>>>>
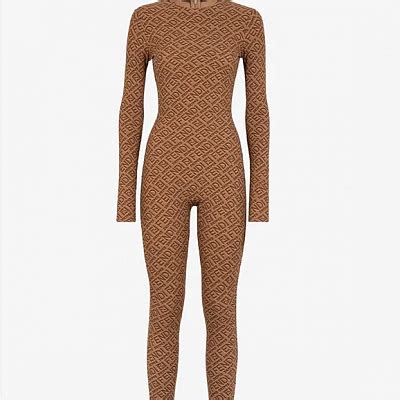 fendi jumpsuit skims|fendi jumpsuit cheap.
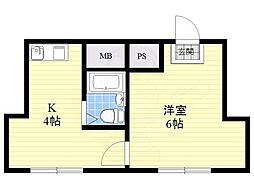 阪急千里線 豊津駅 徒歩11分
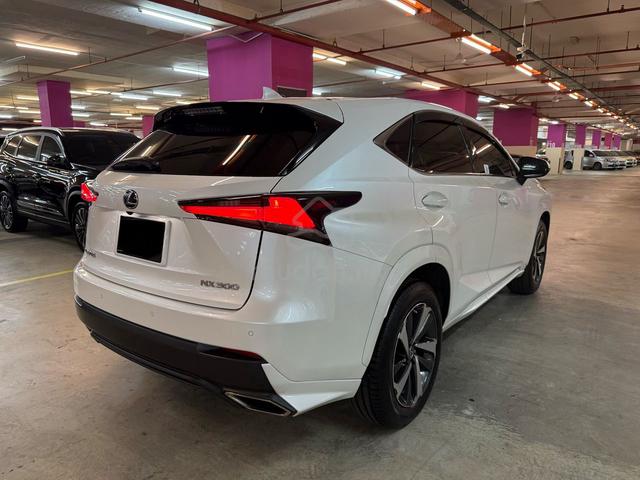Lexus NX 300 2.0 PREMIUM 2019 (A)NEW CAR CONDITION - 4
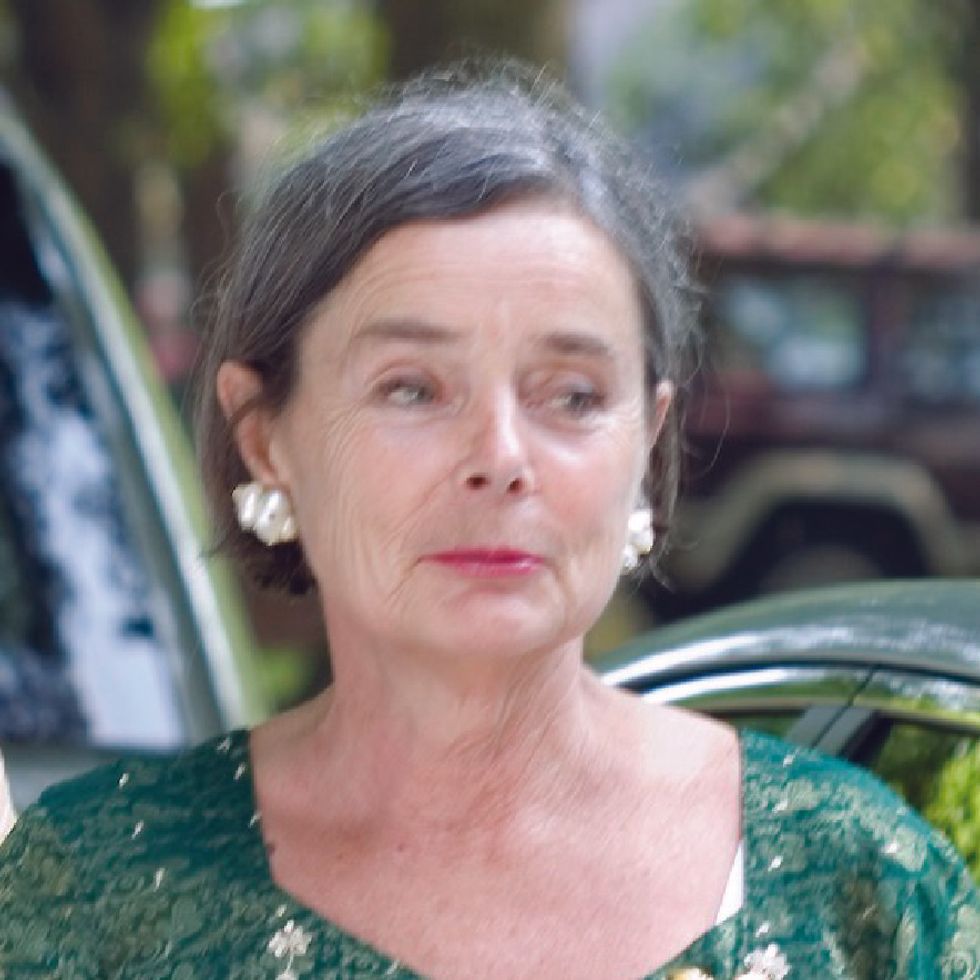 Stephany Warick Haines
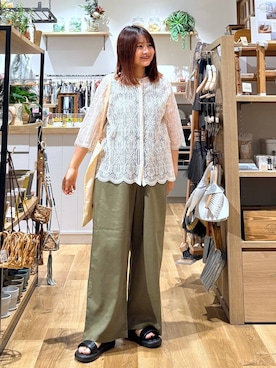 MAIKOさんのコーディネート
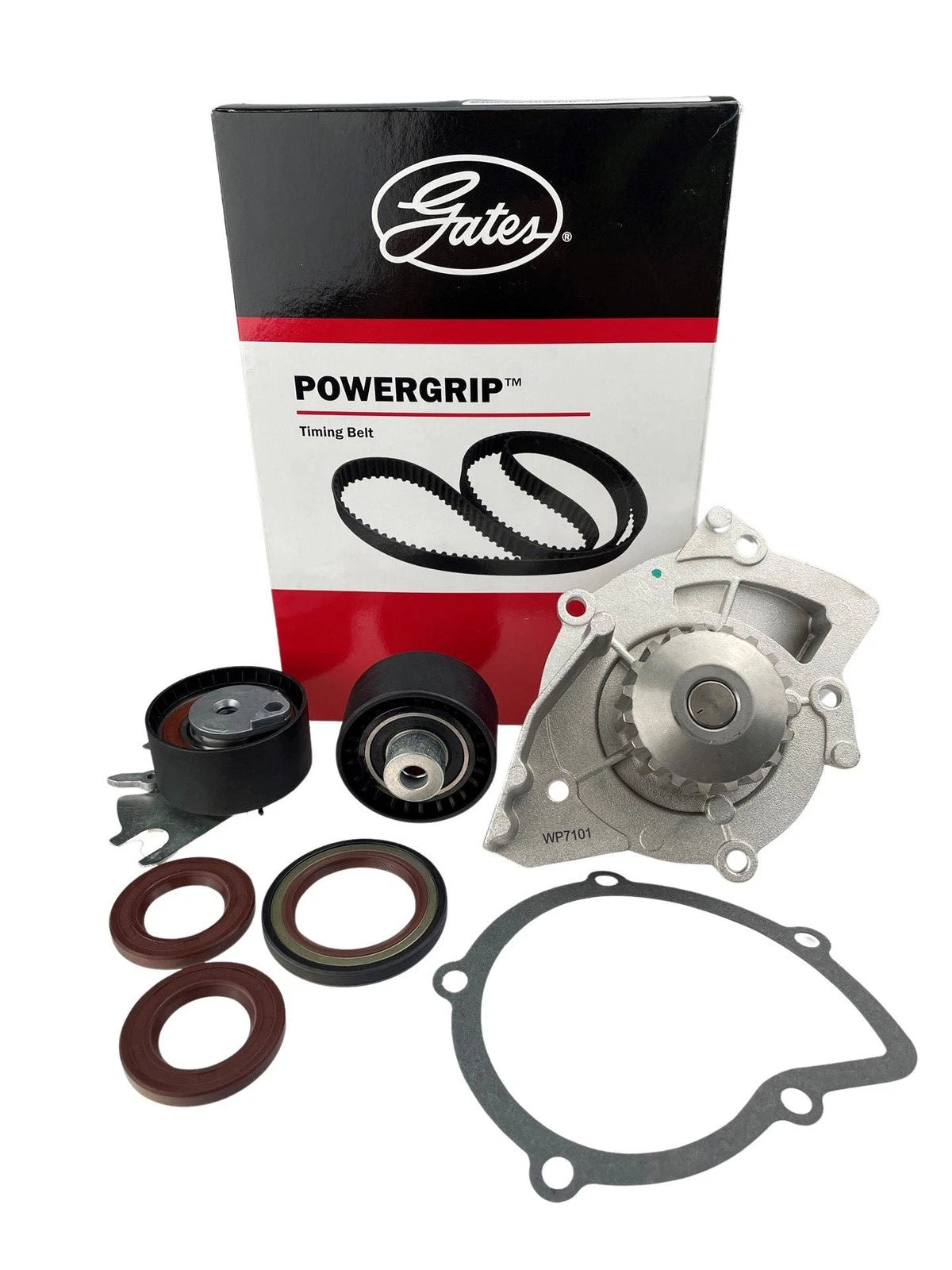Timing Belt Kit with Water Pump for Fiat Scudo Multijet (2007–2016)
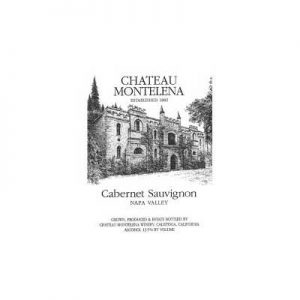 Chateau Montelena Estate 2003 Cabernet Sauvignon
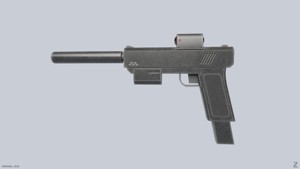 Minimal gun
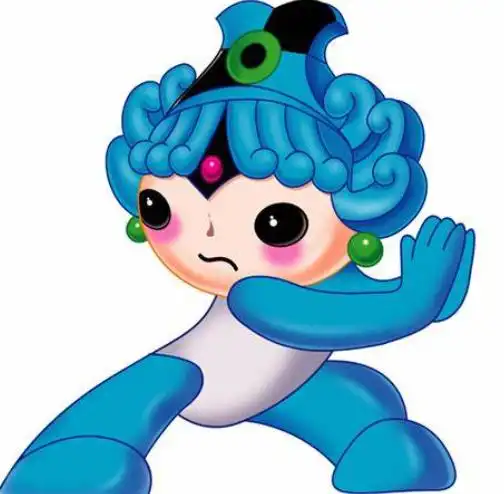 福娃贝贝(2008年北京奥运会吉祥物)_摘编百科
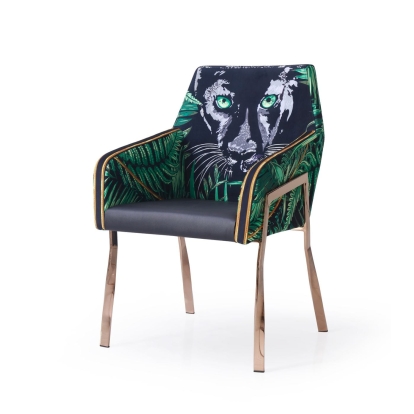 VIG Furniture Black Dining Chair SKU VGVCB1916-BLK-DC - Product ID 78527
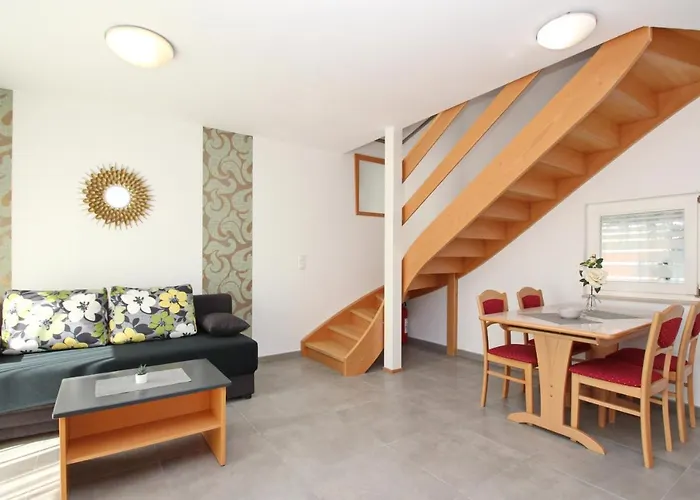 By The Sea Baska, Krk - 18771 Appartement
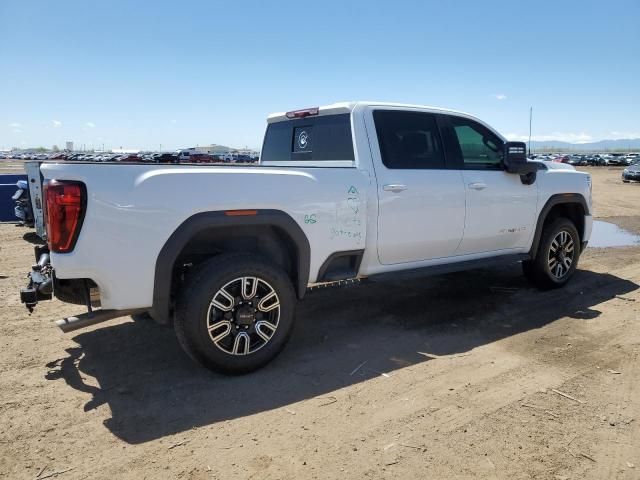 2022 GMC Sierra K2500 AT4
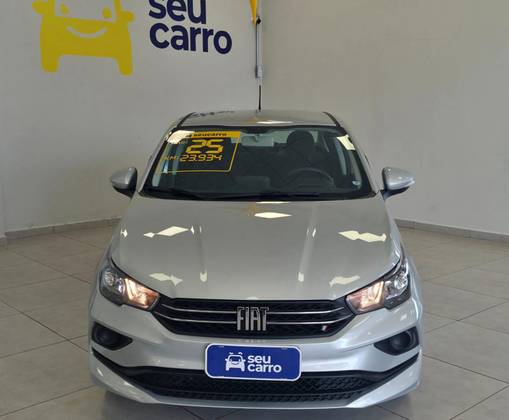 FIAT CRONOS 1.0 FIREFLY FLEX DRIVE MANUAL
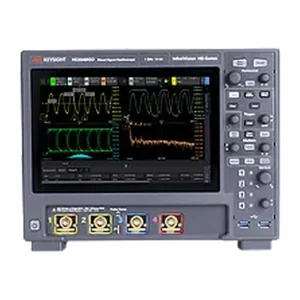 Keysight HD304MSO HD3 示波器白底主图
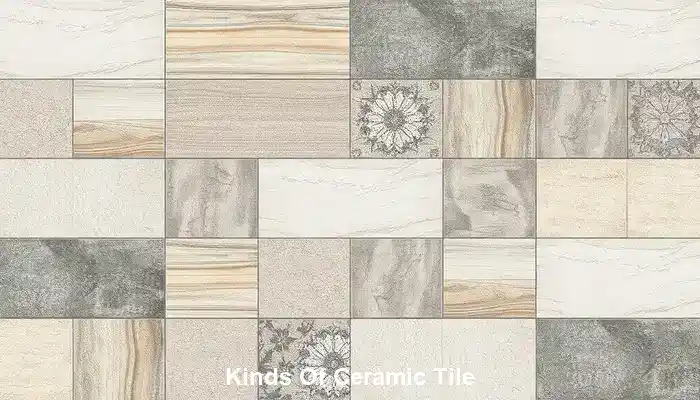 Varieties Of Ceramic Tile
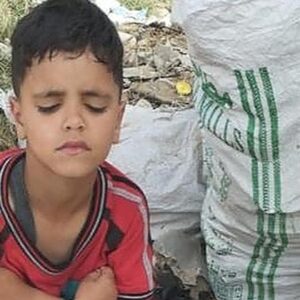 https://sadik-o.com - refugees and asylum seeekers - Hala and Her Child Survive in Gaza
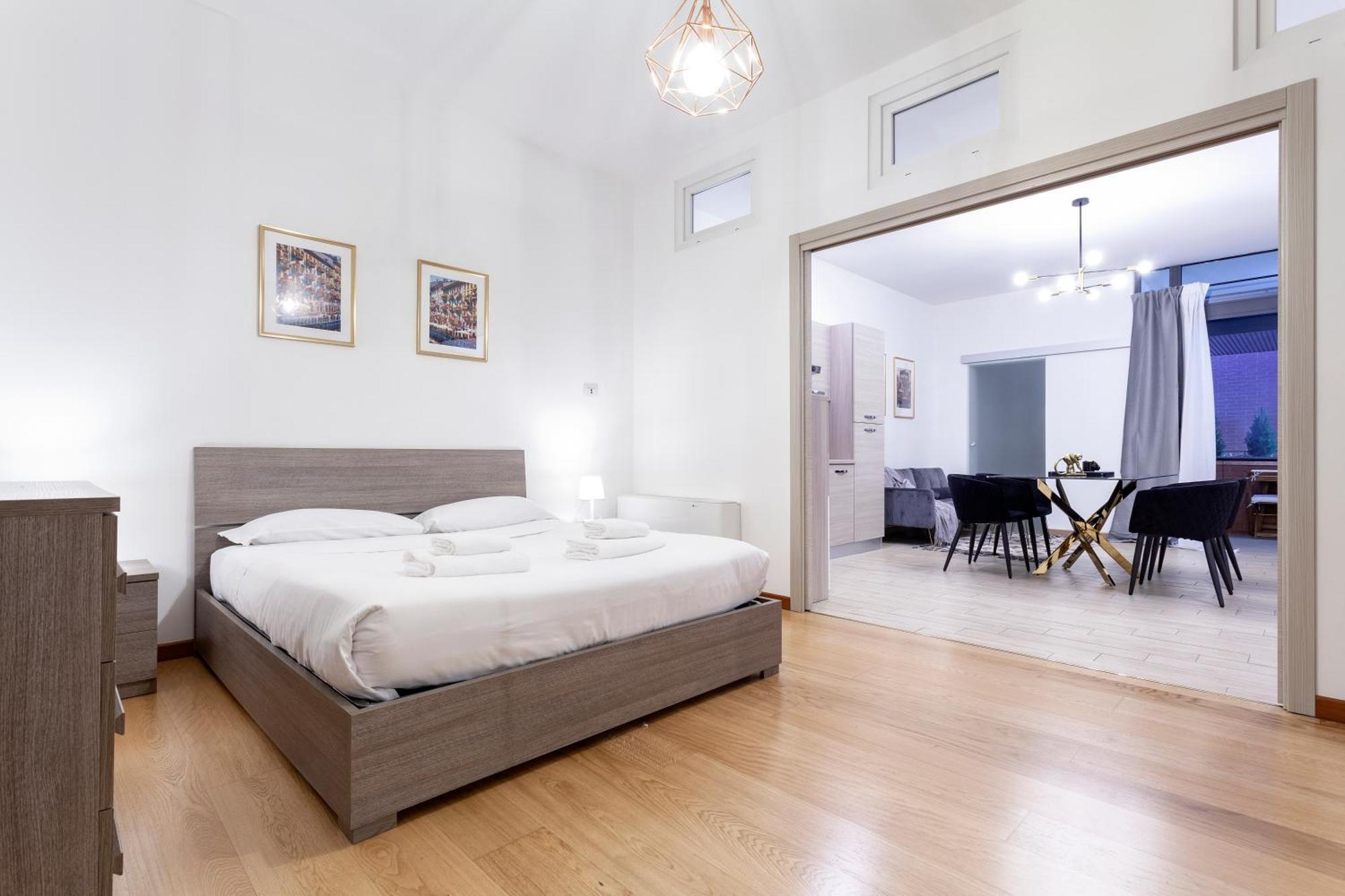 Apartment The Boutique - In The Heart Of Navigli Milan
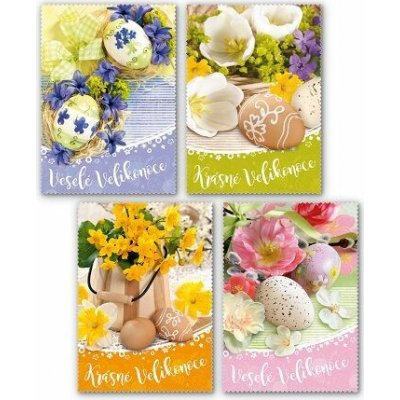ARGUS Velikonoční pohlednice 06120300-c – Hledejceny.cz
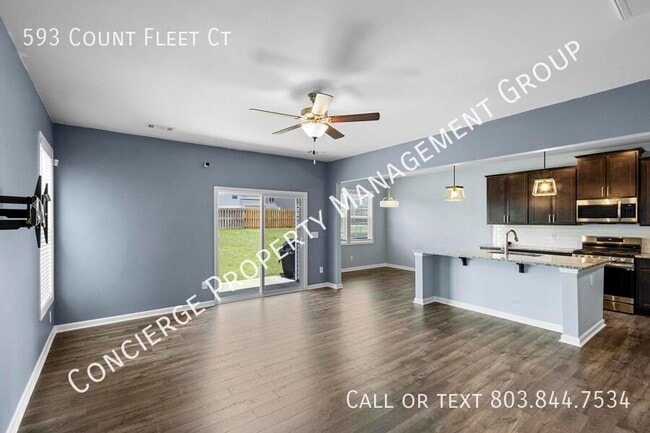 Photo - 593 Count Fleet Ct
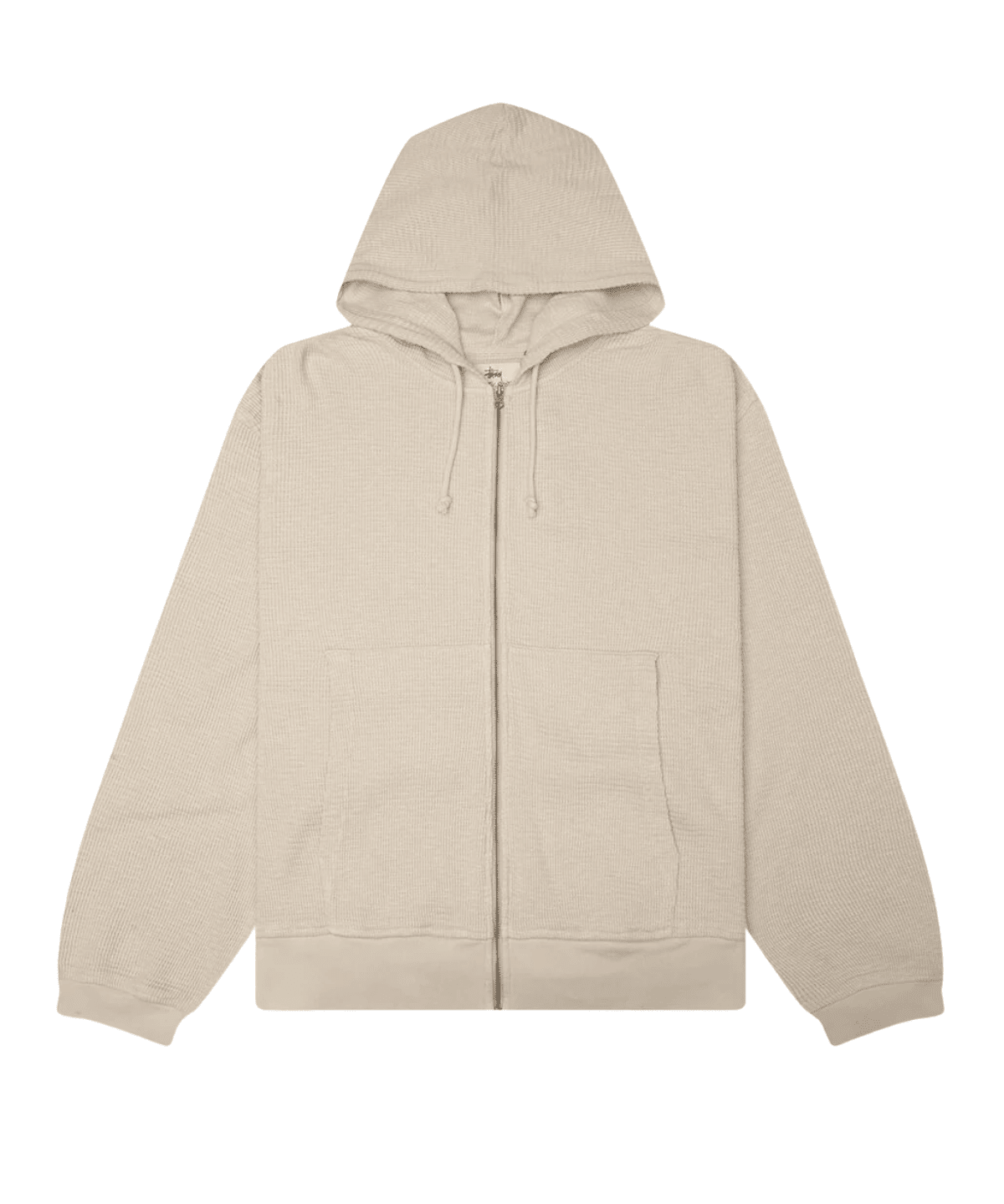 Lightweight Thermal Hoodie Bone - LIKELIHOOD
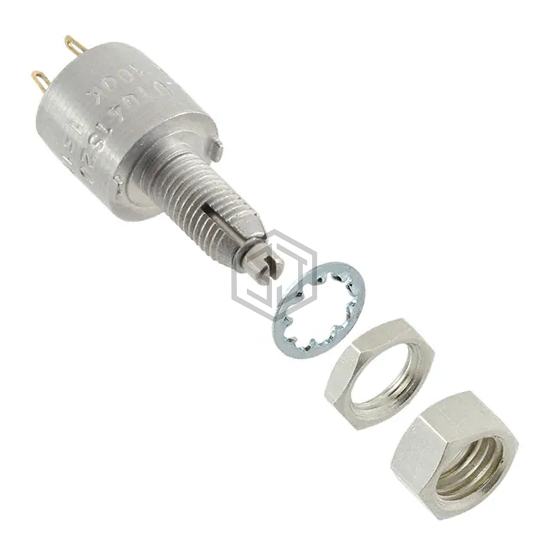 RV6LAYSA503A - Precision Electronics Corporation - Rotary Potentiometers, Rheostats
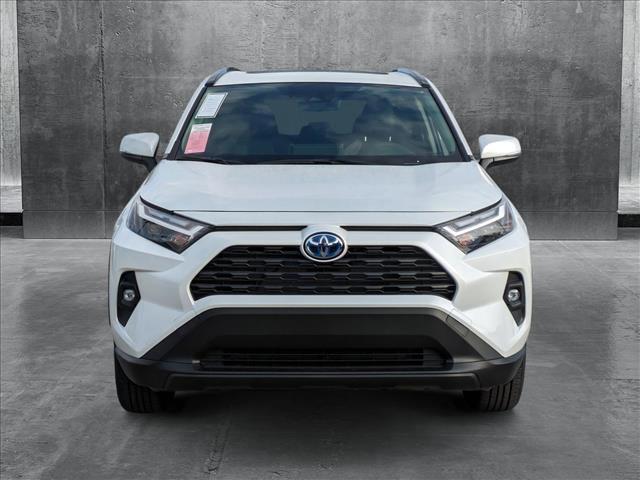 new 2024 Toyota RAV4 Hybrid car, priced at $38,768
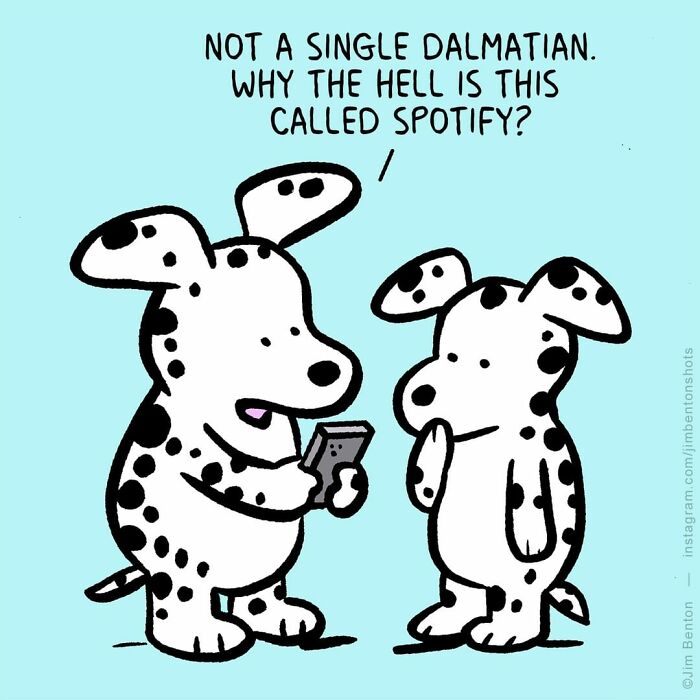 60 Comics That Feature Ironic Twists And Peculiar Humor By This Artist (Best Pics)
<<<<
* Task instructions *
Except for the pictures, give all the material above again verbatim.

* Answer box *
 fendi jumpsuit skims|fendi jumpsuit cheap.
 阪急千里線 豊津駅 徒歩11分
Lexus NX 300 2.0 PREMIUM 2019 (A)NEW CAR CONDITION - 4
 Stephany Warick Haines
 MAIKOさんのコーディネート
Timing Belt Kit with Water Pump for Fiat Scudo Multijet (2007–2016)
 Chateau Montelena Estate 2003 Cabernet Sauvignon
 Minimal gun
 福娃贝贝(2008年北京奥运会吉祥物)_摘编百科
 VIG Furniture Black Dining Chair SKU VGVCB1916-BLK-DC - Product ID 78527
 By The Sea Baska, Krk - 18771 Appartement
 2022 GMC Sierra K2500 AT4
 FIAT CRONOS 1.0 FIREFLY FLEX DRIVE MANUAL
 Keysight HD304MSO HD3 示波器白底主图
 Varieties Of Ceramic Tile
 https://sadik-o.com - refugees and asylum seeekers - Hala and Her Child Survive in Gaza
 Apartment The Boutique - In The Heart Of Navigli Milan
ARGUS Velikonoční pohlednice 06120300-c – Hledejceny.cz
 Photo - 593 Count Fleet Ct
 Lightweight Thermal Hoodie Bone - LIKELIHOOD
 RV6LAYSA503A - Precision Electronics Corporation - Rotary Potentiometers, Rheostats
 new 2024 Toyota RAV4 Hybrid car, priced at $38,768
 60 Comics That Feature Ironic Twists And Peculiar Humor By This Artist (Best Pics)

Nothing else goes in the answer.